SUPPLIED INFORMATION section start
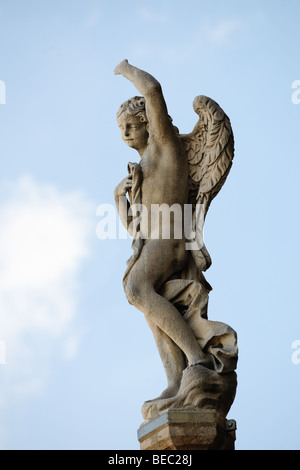 Statue von geflügelten Engel mit erhobenem Arm auf dem Dach der Kathedrale von Mailand, Lombardei, Italien Stockfoto
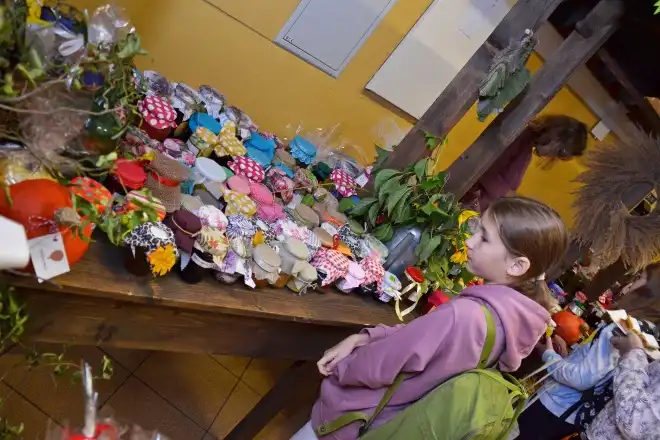 Jesienny Jarmark Andegaweński w Szkole Podstawowej nr 2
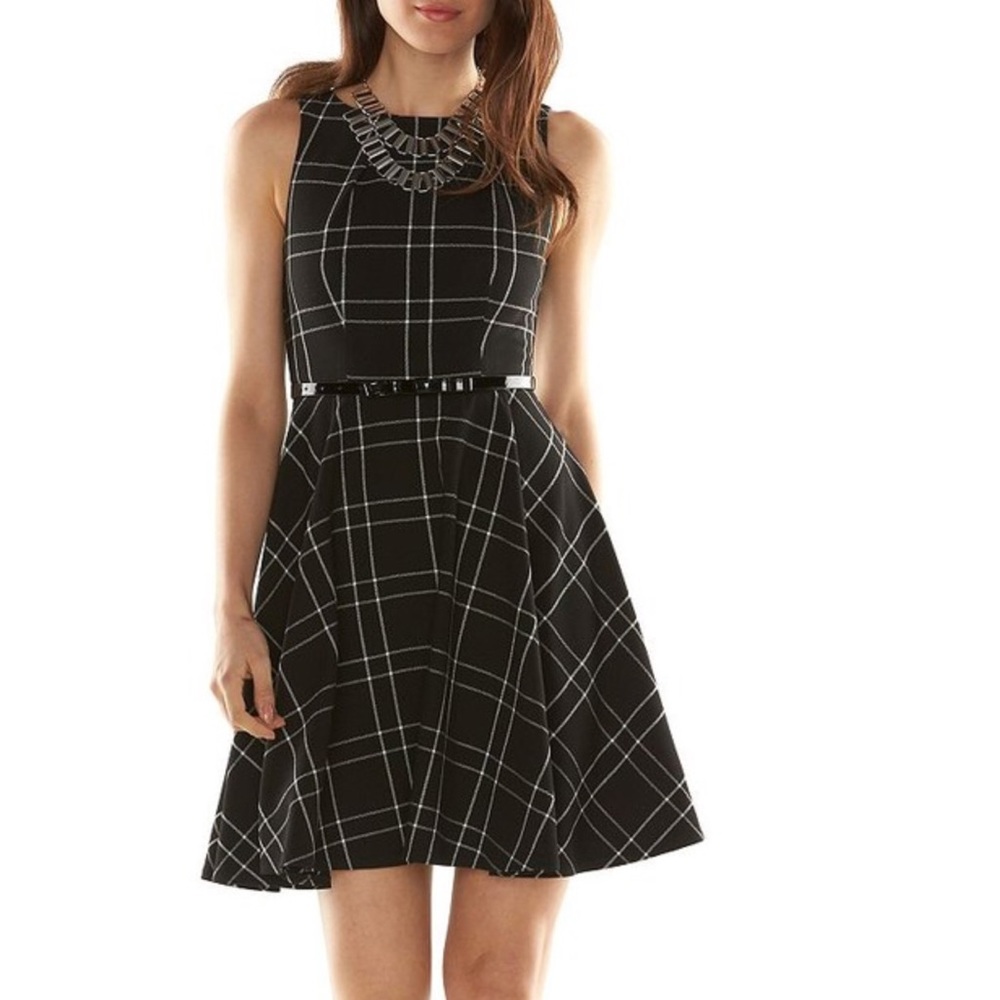 Elle sleeveless fit-and-flare dress - Size 10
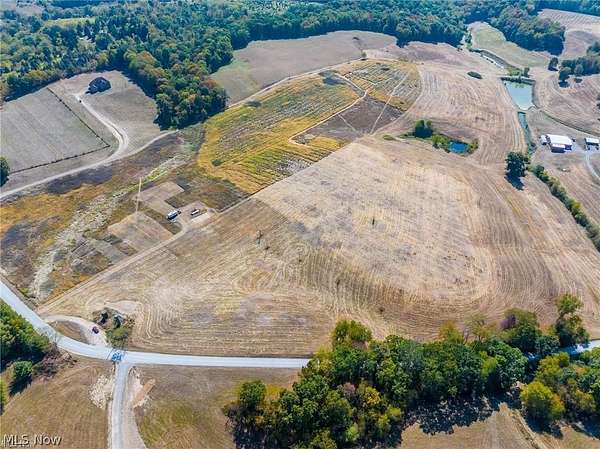 7 Acres of Residential Land for Sale in Dellroy, Ohio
SUPPLIED INFORMATION section end
▶ [TASK TO CARRY OUT]
Except for the pictures, write the data out exactly.

▶ [EXERCISE SOLUTION]
 Statue von geflügelten Engel mit erhobenem Arm auf dem Dach der Kathedrale von Mailand, Lombardei, Italien Stockfoto
 Jesienny Jarmark Andegaweński w Szkole Podstawowej nr 2
 Elle sleeveless fit-and-flare dress - Size 10
 7 Acres of Residential Land for Sale in Dellroy, Ohio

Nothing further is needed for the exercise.